Esas trajedi buydu. Bir adamın kötü olmaya cesaret etmesi değil, milyonlarca insanın iyi olmaya cesaret edememesiydi.
İnsanlar bir zamanlar kendi hazlarını yaratabileceğine inanıyordu; şimdi onların bedelini ödemesi gerektiğine inanıyor. Sanki çiçekler artık tarlada ve bahçede değil de; sadece çiçekçi dükkanlarında yetişiyormuş gibi.

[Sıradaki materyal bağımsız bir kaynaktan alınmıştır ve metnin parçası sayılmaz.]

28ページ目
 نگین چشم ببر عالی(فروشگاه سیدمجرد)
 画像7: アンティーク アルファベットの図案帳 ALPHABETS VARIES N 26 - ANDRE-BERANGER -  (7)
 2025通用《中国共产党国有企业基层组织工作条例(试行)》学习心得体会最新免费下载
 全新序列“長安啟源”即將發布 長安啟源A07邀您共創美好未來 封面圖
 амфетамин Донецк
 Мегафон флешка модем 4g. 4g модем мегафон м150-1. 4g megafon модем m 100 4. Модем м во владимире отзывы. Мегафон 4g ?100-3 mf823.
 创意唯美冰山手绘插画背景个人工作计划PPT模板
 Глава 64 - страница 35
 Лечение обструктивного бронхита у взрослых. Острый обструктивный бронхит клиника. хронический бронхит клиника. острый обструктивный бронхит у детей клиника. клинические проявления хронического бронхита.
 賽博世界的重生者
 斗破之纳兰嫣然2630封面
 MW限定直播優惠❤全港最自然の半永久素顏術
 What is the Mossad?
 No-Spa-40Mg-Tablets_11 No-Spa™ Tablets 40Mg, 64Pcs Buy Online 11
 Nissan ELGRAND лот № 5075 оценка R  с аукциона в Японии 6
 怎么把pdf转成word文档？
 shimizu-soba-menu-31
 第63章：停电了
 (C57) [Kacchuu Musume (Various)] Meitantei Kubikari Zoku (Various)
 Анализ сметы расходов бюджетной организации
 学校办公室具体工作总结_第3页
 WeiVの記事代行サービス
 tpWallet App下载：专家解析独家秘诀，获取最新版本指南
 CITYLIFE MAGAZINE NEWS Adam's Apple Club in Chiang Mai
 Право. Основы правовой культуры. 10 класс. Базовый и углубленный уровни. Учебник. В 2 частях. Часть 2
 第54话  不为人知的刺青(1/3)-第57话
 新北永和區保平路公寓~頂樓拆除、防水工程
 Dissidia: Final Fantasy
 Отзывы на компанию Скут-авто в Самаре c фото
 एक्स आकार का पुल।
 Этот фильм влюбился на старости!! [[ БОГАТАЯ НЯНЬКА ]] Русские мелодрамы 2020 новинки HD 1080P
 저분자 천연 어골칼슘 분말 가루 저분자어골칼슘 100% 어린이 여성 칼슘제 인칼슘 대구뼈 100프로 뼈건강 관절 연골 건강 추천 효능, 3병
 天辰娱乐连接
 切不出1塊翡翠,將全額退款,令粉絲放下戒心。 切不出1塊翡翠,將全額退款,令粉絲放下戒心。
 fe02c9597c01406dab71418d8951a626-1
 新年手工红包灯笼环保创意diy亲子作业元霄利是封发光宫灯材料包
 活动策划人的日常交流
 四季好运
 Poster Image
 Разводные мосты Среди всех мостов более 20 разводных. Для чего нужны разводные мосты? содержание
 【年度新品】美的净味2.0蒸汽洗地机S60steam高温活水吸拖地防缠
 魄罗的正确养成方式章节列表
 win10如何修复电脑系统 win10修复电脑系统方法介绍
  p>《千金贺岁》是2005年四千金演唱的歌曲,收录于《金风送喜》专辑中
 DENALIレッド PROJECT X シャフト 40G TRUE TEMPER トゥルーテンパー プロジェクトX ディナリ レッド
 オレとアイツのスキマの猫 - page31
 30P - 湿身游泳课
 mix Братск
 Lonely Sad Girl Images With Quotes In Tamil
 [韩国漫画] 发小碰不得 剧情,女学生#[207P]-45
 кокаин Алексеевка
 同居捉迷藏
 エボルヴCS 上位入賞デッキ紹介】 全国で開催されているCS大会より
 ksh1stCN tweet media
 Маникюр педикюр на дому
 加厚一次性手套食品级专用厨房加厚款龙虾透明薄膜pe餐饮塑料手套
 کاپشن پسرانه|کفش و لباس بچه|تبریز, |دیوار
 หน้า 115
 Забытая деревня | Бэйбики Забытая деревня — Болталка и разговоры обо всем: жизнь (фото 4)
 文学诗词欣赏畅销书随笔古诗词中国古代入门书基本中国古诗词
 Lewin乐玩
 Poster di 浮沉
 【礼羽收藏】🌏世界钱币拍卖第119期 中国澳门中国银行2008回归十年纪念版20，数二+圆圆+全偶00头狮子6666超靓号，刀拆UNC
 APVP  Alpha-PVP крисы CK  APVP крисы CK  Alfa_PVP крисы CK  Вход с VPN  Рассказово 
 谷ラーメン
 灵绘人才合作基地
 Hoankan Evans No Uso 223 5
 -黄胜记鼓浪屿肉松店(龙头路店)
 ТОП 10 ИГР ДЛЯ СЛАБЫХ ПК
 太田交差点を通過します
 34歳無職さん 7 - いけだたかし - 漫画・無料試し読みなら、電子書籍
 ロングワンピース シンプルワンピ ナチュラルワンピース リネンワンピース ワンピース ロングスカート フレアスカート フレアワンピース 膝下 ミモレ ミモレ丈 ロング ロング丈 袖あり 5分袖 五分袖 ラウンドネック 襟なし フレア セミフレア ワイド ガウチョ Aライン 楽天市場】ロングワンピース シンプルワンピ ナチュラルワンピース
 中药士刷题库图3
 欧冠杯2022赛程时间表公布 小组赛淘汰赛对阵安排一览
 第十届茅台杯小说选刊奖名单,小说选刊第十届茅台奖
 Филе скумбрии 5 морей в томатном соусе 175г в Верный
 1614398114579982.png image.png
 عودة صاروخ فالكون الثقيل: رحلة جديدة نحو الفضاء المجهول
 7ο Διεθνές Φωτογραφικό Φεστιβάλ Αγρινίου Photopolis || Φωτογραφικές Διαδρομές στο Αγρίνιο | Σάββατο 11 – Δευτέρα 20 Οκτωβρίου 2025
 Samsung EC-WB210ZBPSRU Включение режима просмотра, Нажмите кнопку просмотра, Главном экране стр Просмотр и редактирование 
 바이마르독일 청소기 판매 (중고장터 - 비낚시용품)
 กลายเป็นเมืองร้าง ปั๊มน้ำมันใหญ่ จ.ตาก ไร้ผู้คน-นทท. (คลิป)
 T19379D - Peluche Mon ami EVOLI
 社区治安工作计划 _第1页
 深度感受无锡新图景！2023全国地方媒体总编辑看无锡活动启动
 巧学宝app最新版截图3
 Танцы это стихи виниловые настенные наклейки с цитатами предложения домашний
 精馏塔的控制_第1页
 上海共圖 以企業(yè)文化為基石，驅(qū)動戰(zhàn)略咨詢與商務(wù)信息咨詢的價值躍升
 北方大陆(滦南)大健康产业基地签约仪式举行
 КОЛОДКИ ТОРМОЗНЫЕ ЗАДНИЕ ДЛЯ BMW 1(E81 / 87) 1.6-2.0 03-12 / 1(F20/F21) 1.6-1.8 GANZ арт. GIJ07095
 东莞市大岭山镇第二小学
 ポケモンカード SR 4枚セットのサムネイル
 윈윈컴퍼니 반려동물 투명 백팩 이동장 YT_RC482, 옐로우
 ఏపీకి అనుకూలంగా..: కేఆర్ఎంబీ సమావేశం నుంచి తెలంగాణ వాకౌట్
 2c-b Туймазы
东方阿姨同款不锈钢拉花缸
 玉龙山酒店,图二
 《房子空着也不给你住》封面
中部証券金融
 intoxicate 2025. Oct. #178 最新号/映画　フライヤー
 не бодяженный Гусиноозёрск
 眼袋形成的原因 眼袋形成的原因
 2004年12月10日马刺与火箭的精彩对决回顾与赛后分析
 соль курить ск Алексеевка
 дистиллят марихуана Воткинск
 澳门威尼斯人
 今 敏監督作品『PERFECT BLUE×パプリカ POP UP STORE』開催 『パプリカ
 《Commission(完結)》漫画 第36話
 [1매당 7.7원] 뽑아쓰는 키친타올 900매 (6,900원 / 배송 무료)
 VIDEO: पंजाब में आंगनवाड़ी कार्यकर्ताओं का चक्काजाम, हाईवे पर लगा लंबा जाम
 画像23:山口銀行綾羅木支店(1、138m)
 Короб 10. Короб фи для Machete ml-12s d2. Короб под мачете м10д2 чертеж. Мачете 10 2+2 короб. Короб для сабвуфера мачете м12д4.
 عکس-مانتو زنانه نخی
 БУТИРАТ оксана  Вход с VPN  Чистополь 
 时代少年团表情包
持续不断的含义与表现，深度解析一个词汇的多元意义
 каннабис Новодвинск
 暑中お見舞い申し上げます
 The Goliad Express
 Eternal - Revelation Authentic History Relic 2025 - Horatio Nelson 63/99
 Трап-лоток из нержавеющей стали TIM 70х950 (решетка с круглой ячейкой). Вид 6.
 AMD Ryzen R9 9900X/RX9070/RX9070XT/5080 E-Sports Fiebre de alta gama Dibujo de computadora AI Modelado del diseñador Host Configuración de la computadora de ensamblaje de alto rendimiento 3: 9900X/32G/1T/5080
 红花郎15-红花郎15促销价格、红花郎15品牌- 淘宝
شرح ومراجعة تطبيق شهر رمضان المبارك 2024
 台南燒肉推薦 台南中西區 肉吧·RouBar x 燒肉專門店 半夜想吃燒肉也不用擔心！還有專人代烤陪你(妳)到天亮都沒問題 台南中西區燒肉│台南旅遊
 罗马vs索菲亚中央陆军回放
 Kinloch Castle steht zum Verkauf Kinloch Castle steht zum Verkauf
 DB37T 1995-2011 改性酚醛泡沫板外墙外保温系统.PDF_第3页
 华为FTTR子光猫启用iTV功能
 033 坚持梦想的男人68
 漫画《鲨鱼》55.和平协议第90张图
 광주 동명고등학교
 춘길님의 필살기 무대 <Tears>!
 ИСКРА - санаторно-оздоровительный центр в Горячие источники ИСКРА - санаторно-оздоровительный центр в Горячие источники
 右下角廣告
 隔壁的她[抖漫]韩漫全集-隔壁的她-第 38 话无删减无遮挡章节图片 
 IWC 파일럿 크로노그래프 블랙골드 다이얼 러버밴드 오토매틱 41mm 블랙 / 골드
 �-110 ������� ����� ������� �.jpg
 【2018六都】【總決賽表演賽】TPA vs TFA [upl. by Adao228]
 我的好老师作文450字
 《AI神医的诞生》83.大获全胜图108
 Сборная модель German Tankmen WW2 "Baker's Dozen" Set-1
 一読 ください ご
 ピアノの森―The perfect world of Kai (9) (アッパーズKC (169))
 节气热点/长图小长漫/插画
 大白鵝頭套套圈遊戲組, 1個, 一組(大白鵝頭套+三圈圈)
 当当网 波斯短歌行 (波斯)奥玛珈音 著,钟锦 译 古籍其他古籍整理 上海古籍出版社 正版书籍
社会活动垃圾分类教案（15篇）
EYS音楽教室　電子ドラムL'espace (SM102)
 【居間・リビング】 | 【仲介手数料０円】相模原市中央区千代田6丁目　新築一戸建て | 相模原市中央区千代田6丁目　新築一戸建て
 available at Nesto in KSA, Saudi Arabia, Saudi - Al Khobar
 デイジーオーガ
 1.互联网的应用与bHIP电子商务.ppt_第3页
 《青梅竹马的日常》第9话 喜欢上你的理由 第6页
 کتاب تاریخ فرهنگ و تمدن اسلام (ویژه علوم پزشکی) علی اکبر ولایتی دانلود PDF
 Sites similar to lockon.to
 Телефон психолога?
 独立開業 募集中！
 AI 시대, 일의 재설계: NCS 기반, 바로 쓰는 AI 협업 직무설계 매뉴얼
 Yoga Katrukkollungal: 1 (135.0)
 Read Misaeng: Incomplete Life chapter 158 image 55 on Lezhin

Ölüm daha mutlak göründükçe yaşam daha otantik olur.
Tanrısal çözüm, yönetilenlerin yönetildik diyemeyeceği bir anlamda yönetmeden yönetmektir. Yani içinde yönetilenlerin kendilerini yönetmek zorunda oldukları bir durum oluşturmaktır.
Yoksul bir ülkede yurtseverlik, eğer o ülke zengin ve güçlü olsaydı insanın kendi ülkesinin en iyi olduğuna inanmaktır. Zengin bir ülkede yurtseverlik, o ülke zengin ve güçlü olduğu için insanın kendi ülkesinin en iyi olduğuna inanmaktır.
Hepimiz sevilmekten ya da nefret edilmekten hoşlanırız. Bu anımsanacağımızın, varolduğumuzun bir işaretidir. Bu nedenle sevgi yaratamayanların çoğu nefret yaratmışlardır. O da anımsanır.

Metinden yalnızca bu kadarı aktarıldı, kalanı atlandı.